[Records from a dataset]
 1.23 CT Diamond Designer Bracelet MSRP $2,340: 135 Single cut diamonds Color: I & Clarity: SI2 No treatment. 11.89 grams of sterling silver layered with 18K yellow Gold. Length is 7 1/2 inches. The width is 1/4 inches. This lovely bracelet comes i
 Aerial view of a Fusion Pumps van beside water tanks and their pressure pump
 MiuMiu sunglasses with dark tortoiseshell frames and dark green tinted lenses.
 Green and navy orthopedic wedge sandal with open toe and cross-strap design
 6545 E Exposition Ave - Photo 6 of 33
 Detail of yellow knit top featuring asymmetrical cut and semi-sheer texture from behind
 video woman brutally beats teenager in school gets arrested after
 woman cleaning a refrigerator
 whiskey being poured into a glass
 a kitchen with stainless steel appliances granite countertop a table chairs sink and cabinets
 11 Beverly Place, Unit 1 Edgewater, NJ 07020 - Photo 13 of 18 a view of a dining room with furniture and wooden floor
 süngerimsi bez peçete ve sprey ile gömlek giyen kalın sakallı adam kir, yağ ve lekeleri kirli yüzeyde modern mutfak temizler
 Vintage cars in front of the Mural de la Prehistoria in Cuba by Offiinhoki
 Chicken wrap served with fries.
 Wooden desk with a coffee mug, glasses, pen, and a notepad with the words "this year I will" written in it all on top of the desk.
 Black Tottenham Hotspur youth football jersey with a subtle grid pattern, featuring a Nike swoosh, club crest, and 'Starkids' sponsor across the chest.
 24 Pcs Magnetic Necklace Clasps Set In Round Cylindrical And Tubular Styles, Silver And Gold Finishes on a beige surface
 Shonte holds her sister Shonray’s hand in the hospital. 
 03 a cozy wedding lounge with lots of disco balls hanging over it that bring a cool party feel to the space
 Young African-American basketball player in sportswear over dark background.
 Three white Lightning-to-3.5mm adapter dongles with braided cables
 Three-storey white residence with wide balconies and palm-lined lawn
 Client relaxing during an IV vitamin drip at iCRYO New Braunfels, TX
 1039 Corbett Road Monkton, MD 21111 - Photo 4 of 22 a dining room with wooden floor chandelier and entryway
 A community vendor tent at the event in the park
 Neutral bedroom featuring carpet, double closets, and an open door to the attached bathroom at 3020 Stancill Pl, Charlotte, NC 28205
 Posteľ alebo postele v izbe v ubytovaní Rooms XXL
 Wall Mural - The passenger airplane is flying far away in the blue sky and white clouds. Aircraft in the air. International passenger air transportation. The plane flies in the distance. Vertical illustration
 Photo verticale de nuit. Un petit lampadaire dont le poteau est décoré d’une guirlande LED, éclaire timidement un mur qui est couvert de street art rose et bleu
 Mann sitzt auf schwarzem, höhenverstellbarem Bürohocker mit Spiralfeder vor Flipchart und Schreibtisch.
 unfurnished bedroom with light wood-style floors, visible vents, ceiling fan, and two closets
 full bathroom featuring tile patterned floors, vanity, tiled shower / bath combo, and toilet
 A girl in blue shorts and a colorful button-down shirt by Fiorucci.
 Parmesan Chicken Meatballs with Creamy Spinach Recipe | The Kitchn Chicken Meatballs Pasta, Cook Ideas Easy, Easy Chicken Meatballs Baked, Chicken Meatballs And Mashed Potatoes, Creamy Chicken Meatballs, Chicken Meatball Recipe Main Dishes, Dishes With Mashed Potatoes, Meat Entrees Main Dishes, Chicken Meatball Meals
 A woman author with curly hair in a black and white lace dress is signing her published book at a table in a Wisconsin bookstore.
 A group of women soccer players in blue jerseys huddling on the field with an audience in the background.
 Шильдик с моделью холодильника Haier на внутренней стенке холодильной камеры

> **Work instruction**
Return only the lines between the one holding "24 Pcs Magnetic" and the one holding "Three-storey white residence", inclusive, exactly as they appear above.

> **Task output**
 24 Pcs Magnetic Necklace Clasps Set In Round Cylindrical And Tubular Styles, Silver And Gold Finishes on a beige surface
 Shonte holds her sister Shonray’s hand in the hospital. 
 03 a cozy wedding lounge with lots of disco balls hanging over it that bring a cool party feel to the space
 Young African-American basketball player in sportswear over dark background.
 Three white Lightning-to-3.5mm adapter dongles with braided cables
 Three-storey white residence with wide balconies and palm-lined lawn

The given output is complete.